Financial Institutions
SB 297 also revises exemptions for financial entities and affiliates by removing the entity-level exemption for financial institutions and affiliates governed by the Gramm-Leach-Bliley Act (GLBA). Instead, the law now generally only exempts data covered under the GLBA (rather than all data-processing activities taken by a GLBA-covered entity) with a new entity-level exemption only for certain chartered banks and credit unions, as well as insurers and self-insurers.
Enhanced Privacy Notice Requirements
SB 297 expands controllers' notice obligations to more closely align the MCDPA privacy notice requirements with the more robust requirements in other state consumer privacy laws. For example, privacy notices must now include the last update date and an explanation of consumer rights under the MCDPA but, fortunately, are not required to have a Montana-specific section as long as the privacy notice contains all the required information. In addition, controllers that sell personal data or process personal data for targeted advertising must now "clearly and conspicuously" disclose such activities in their privacy notice and also provide a "clear and conspicuous" opt-out method for consumers outside of the privacy notice.

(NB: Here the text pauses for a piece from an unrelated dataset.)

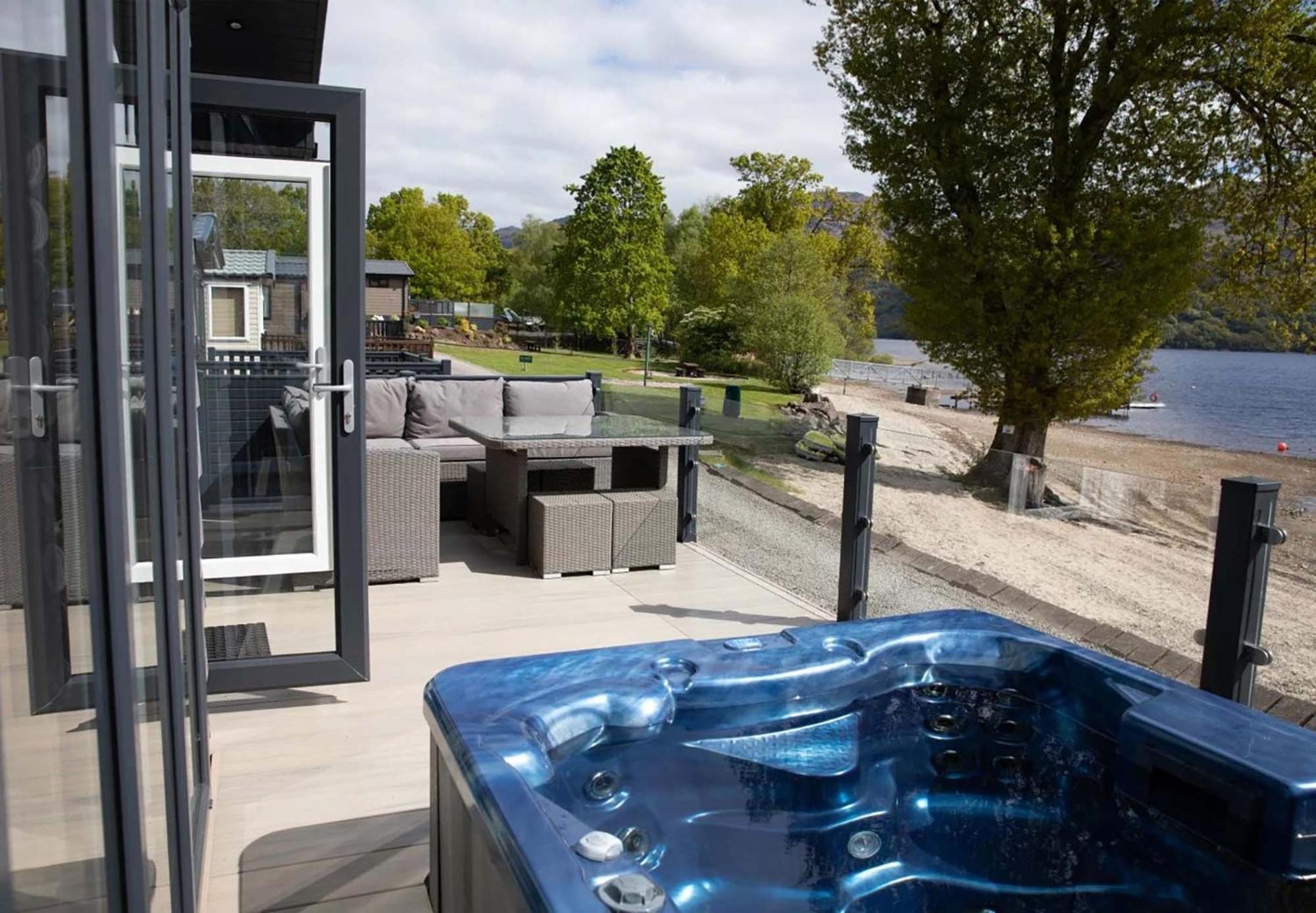 Loch Lomond Holiday Park Inversnaid Exterior foto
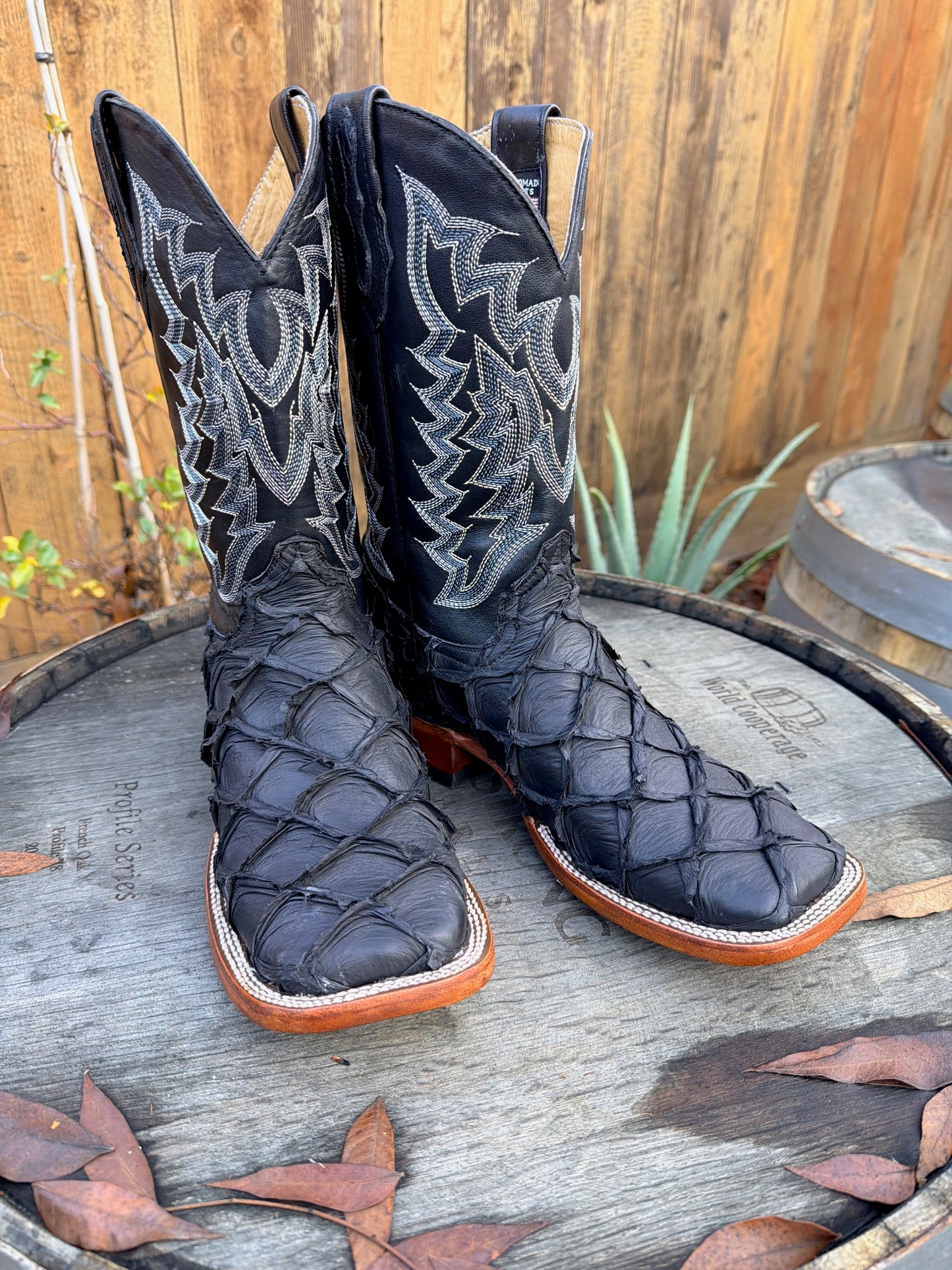 Pirarucu Black Matte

Additionally, privacy notices must be made available in every language in which the controller offers products or services subject to the notice, accessible to individuals with disabilities, and posted online via a "conspicuous" hyperlink using the word "privacy" on the controller's website home page or a mobile device's application store or download page. For controllers without websites, the notice must be made available to consumers through other regular communication channels, such as mail. Controllers are now also obligated to notify affected consumers of any material changes to their privacy notice or practices, using all "reasonable electronic measures," and to provide a "reasonable opportunity" for consumers to withdraw consent for any materially different use of their personal data under the changed policy.
Consumer Rights
Automated Processing Versus "Solely" Automated Processing
Before SB 297, consumers had the right to opt out of the processing of their data for purposes of profiling in furtherance of solely automated decisions that produce legal or similarly significant effects concerning the consumer. SB 297 broadened this right by removing "solely," so businesses must now allow consumers to opt out of profiling for automated decisions, even if those decisions are not entirely automated.
Prohibition Against the Disclosure of Sensitive Information
SB 297 provides that businesses may not disclose sensitive data, such as social security numbers or biometric data, that could trigger Montana's breach notification law. This change likely responds to concerns that privacy laws could be interpreted to require disclosure of sensitive data, thereby creating security concerns antithetical to the law's purpose. However, businesses must still inform consumers whether such data was collected.
Expanded Enforcement Authority for the Attorney General
Under SB 297, the attorney general's enforcement power is significantly broadened. The attorney general may now issue civil investigative demands pursuant to Montana's Consumer Protection Act and require controllers to submit data protection assessments relevant to investigations. Most notably, SB 297 removes the MCDPA's 60-day cure period for alleged violations, enabling the attorney general to initiate enforcement actions without delay.
The content of this article is intended to provide a general guide to the subject matter. Specialist advice should be sought about your specific circumstances.